Investing your hard-earned money wisely is a big decision, and you should know the facts in order to make an informed decision. Here are tips from the Securities and Exchange Commission.

Evaluate your comfort zone in taking on risk.  

Determine your goals and risk tolerance – either on your own or with the help of a financial professional.  All investments involve some degree of risk. If you intend to purchase securities – such as stocks, bonds or mutual funds –understand before you invest that you could lose some or all of your money. The money you invest in securities typically is not federally insured. You could lose your principal, which is the amount you’ve invested. The reward for taking on risk is the potential for a greater investment return.

Consider an appropriate mix of investments.   

By including asset categories with investment returns that move up and down under different market conditions within a portfolio, an investor can help protect against significant losses.  Historically, the returns of stocks, bonds and cash have not moved up and down at the same time.  By investing in more than one asset category, you’ll reduce the risk that you’ll lose money.

Be careful if investing heavily in shares of employer’s or individual stock.

One way to lessen the risks of investing is to diversify your investments. You’ll be exposed to significant risk if you invest heavily in shares of your employer’s stock or any individual stock.  If that stock does poorly or the company goes bankrupt, you’ll probably lose a lot of money (and perhaps your job).

Take advantage of “free money.” 

In many employer-sponsored retirement plans, the employer will match some or all of your contributions.  If your employer offers a retirement plan and you do not contribute enough to get your employer’s maximum match, you are passing up “free money” for your retirement savings.

Pay off high interest credit card debt.

If you owe money on high interest credit cards, the wisest thing you can do under any market conditions is to pay off the balance in full as quickly as possible.

Consider rebalancing portfolio.  

Rebalancing is bringing your portfolio back to your original asset allocation mix.  By rebalancing, you’ll ensure that your portfolio does not overemphasize one or more asset categories, and you’ll return your portfolio to a comfortable level of risk.
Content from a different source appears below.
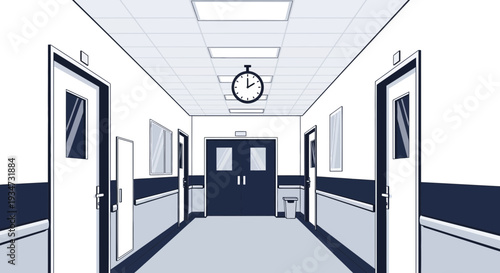 Hospital Corridor Perspective Depicting Doors, Clock, and Architectural Symmetry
Many financial experts recommend that investors rebalance their portfolios on a regular time interval, such as every six or twelve months.

Avoid circumstances that can lead to fraud.

Scam artists often use a highly publicized news item to lure potential investors and make their “opportunity” sound more legitimate.  The SEC recommends that you ask questions and check out the answers with an unbiased source before you invest.


Bond – A loan that you are giving to the government or an institution in exchange for a pre-set interest rate paid regularly for a specified term. The bond pays interest while it’s active and expires on a specific date, at which point the total face value of the bond is paid to the investor.

Stock – A type of investment that gives you partial ownership of a publicly traded company.

Mutual fund – An investment vehicle that allows you to invest your money in a professionally-managed portfolio of assets that could contain a variety of stocks, bonds and other investment opportunities.